It’s clear that, where implemented appropriately, strategic outsourcing remains a highly beneficial tool at firms’ disposal to maintain flexibility and continuity of resourcing, and one where we see a few key themes emerging. These include:

  • Delegation not abdication: In an era of increasing individual accountability, outsourcing work to a third party doesn't relinquish you from your regulatory responsibilities. Your firm is ultimately responsible for its compliance programme, policies and procedures and monitoring. This is where a 'co-sourcing' approach can come into play; a long-term one-to-one business collaboration with a trusted provider where both partners have a vested interest in the outcome of the relationship. This collaborative approach allows the service provider to support a firm and its compliance activities in a better, quicker, and often more cost-efficient way than the firm doing it itself, without increasing the firms exposure to regulatory risk.
  • In or out?: In-sourcing (or secondments) is another option for firms during exceptionally busy times. For example, firms can tap into a large pool of compliance professionals on a contracted basis to work in-house for an agreed number of days per week/month, or even full time for an agreed period. This approach can be used to implement a new regulation or control, to undertake specific projects (e.g. a regulatory reporting or market abuse review) or to simply bolster your team during personnel transitions, support while working to secure a full-time hire or to cover staff absences such as during maternity or paternity leave or for shorter-term illness or holiday coverage.
  • When it comes to service providers, not all are equal: For quality assurance, seek personal referrals and assess the competence, capability and capacity of potential service providers including whether they are members of the APCC (Association of Professional Compliance Consultants). Enquire as to the attrition rate of the provider’s staff, and how many firms they service with the same strategy as yourself and how they can support your firm as it grows. 
  • With support comes efficiencies and deeper insights: Keeping up with the sheer volume and pace of regulatory change, not to mention the volume of data flowing into and out of a firm, can be a challenge. Fortunately for compliance teams, regulatory technology, or ‘RegTech’, is here to help. RegTech can bolster operational efficiencies by allowing for the automation of manual tasks, the generation of instantaneous reports, and the capturing of data for recordkeeping purposes. All of these tasks would otherwise be done manually and laboriously and thus consume precious time and resources. Not only this, but RegTech provides an opportunity to connect structured and unstructured data sets in order to derive deeper insights for identifying additional potential risk.

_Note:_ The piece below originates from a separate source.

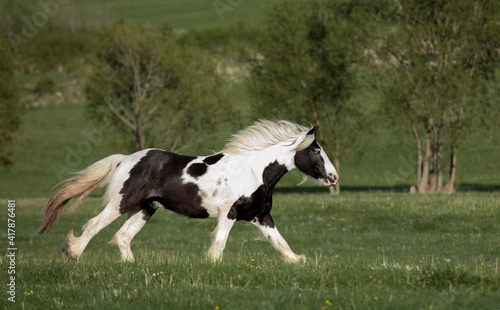 black and white Irish cob stallion with blue eye gallops through meadow © Helga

    This is something that is being recognised by the global regulators, including the SEC, FCA, and CFTC, who are meeting the pace of evolving regulatory change through investments in data and analytics that can help them more quickly and efficiently perform their supervisory duties. The SEC’s Office of Compliance Examinations and Inspections (“OCIE”) recently listed financial technology (“FinTech”) innovation as one of its top focus areas for 2020, and the FCA and Bank of England issued a joint statement on their commitment to data and analytics innovation in 2020.

We encourage you to take an enterprise risk view when positioning your firm’s compliance function for success throughout the roaring 2020’s and beyond. Ensuring your compliance programme is optimally designed allows your resources to be deployed to their best effect and enables your compliance teams to focus on significant areas of risk to your core business. Reviewing your firm’s strategic approach to outsourcing and use of technology is a great way to achieve this while reducing risk overall and improving   standards in an era of ever increasing accountability.